When I go to commit that, I'd like it to show that I've added the new ruleset above the existing one. But instead, git seems to think I've changed myClass to myOtherClass, and that below color: red; I've added:

    background: #000;
    font: "Comic Sans", Wingdings, sans-serif;
}

.myClass {
    color: red;

These both are accurate descriptions of the change, but it's much more understandable to say I've added a new ruleset.

Is there some way I can manually tell git that's how I want the change to be described?

nHaskins
  • 685
  • 4
  • 18
  • 2
    Git does not traffic in "changes". It doesn't "think" anything about what you've "changed". It stores _the whole file_. Don't worry be happy. – matt May 20 '21 at 18:10
  • @matt That's not entirely true. By default, each commit is a snapshot of the entire tree. But `git diff` is still going to compute a diff like described in the question. (And at some point the pack files are going to crystalize some notion of diff, though I'm not sure that really affects this question beyond how efficiently the desired display can be calculated). – chepner May 20 '21 at 18:14
  • @nHaskins You can use `git difftool` to choose a particular language-aware tool to compute diffs between two files. – chepner May 20 '21 at 18:15
  • To the best of my knowledge, no. But, maybe use a detailed and descriptive commit message? – UdonN00dle May 20 '21 at 18:27
  • I can't reproduce with your example but this did occur to me in the past. Did you try the `--indent-heuristic` option (or alternatively the `--no-indent-heuristic` option)? Did you play with the different possible values for `--diff-algorithm`? – xhienne May 20 '21 at 18:37
  • @chepner Sure, but just as you say, `git diff` is merely computed. It is of no real importance with regard to how Git is functioning internally. OK, Git does have some "intelligence" in this regard (it knows about function declarations, for example) but that's all cosmetic. – matt May 20 '21 at 20:05
  • Possibly relevant: https://stackoverflow.com/questions/21096188/how-to-apply-diff-rules-of-the-languages-in-gitattributes – chepner May 20 '21 at 20:15

1 Answers1

2

First, I'll mention that using your sample, and Git version 2.27.0, I'm already getting the kind of match you'd like. There are other samples that are more problematic though. For the rest of this answer, I'll assume you have one of those.

You can try using one of Git's other built in diff algorithms. You can also fuss with the heuristics (as xhienne mentioned), but note that these just slide a window around on the diff after computing it: they won't change the set of diff hunks that come out. If none of these work, then, other than adding a new diff algorithm, or modifications to the existing ones, no: there isn't anything else left to do at this point, at least not in Git itself. The git difftool method that chepner mentioned is a way to run some other command, instead of Git's built in diff.

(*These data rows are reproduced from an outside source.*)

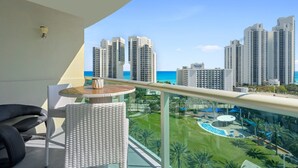 Un balcón con vista a edificios altos y a un área de piscina.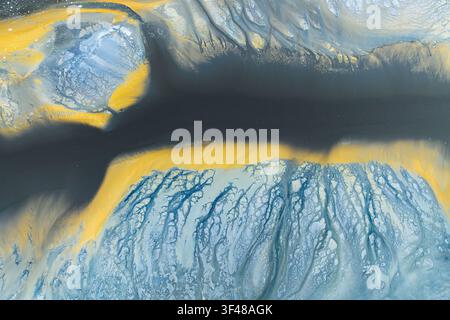 Vibrant abstract nature texture resembling an aerial landscape, with flowing blue and gold mineral-like patterns and dark river shapes, ideal for wall Stock Photo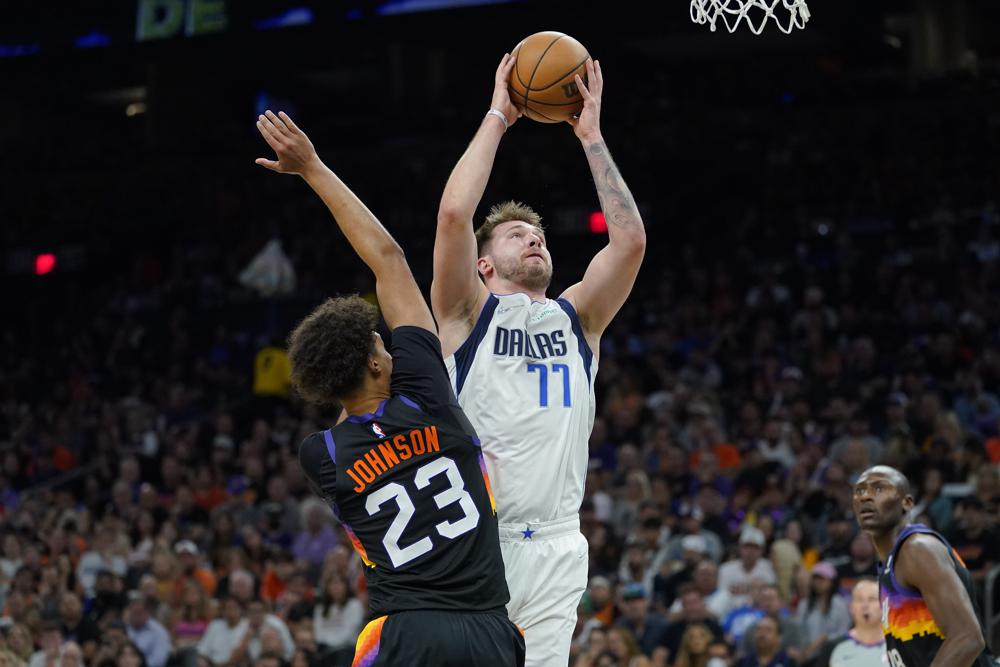 Luka Doncic (77), de los Mavericks de Dallas, ataca la canasta sobre Cameron Johnson (23), de los Suns de Phoenix, durante la segunda mitad del Juego 7 de las semifinales de la Conferencia Oeste, en los playoffs de la NBA, el domingo 15 de mayo de 2022, en Phoenix. Los Mavericks derrotaron a los Suns 123-90. (AP Foto/Matt York)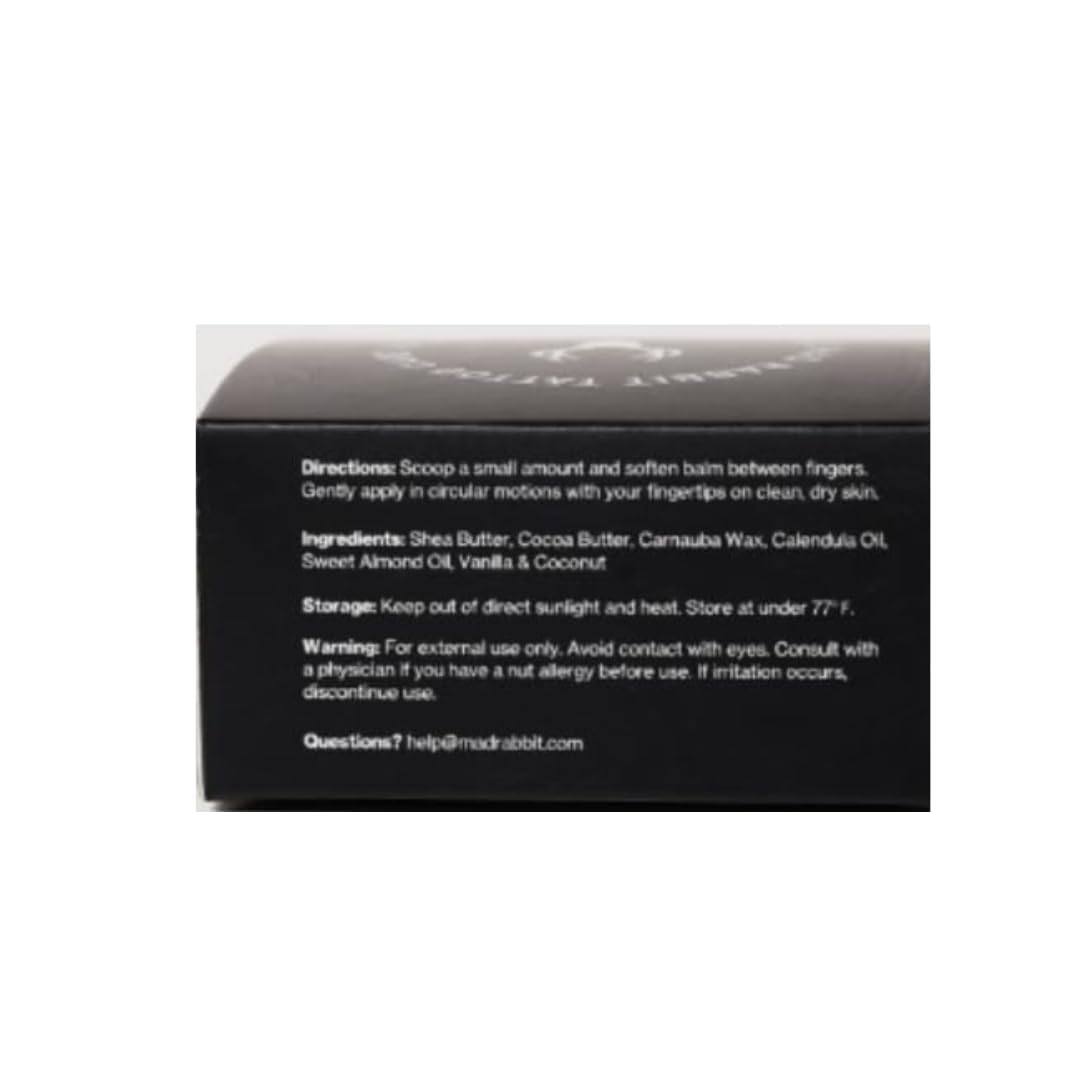Mad Rabbit Tattoo Balm with a tattoo artist's tools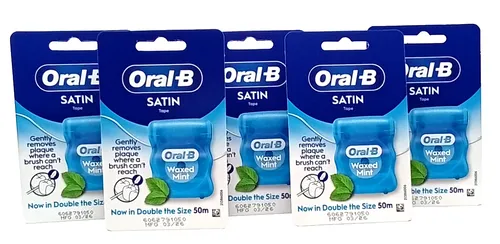 Oral-B SatinTape Zahnseide gewachst Minze - 5x 50m Packung - Praktische Zahnzwischenraumpflege mit erfrischendem Minzgeschmack. Die gewachste Zahnseide sorgt für eine einfache Anwendung und effektive Reinigung. Ideal für die tägliche Mundhygiene.
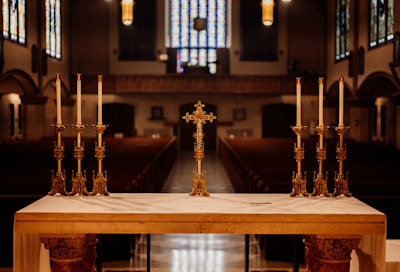 A serene image of a church altar adorned with flowers.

As matt noted, each Git commit really just stores a full snapshot of every file. When you use git diff or any other similar tooling to compare two commits, Git will figure out which files in the two commits are "the same file", yet with different content, and feed them to some diff engine. The diff engine's job is to come up with some set of actions that would modify the left-side file to produce the right-side file (I like to use left and right sides here, rather than old and new, because you can feed the files in backwards to get a "reverse patch").

The existing diff engines know nothing of code. They just match lines. The lines color: red; match each other, and the lines } match each other, and the blank lines match each other.

There are two diff engines inside Git today: the default or myers diff, and the patience diff. Both have slight modifications: minimal takes away a shortcut that was inserted into myers to make it go faster, and histogram modifies patience to include lines that patience discards entirely.

For an overview of patience diff, see What is `git diff --patience` for? The actual algorithm works by stripping out "dummy" lines like blanks lines and close-brace lines that match up too often. The histogram modification doesn't completely strip out these lines, but gives them low weighting in terms of deciding whether to match on them. In theory, histogram should work well on these cases, but there was a bug in Git's implementation for a long time.

torek
  • 330,127
  • 43
  • 437
  • 552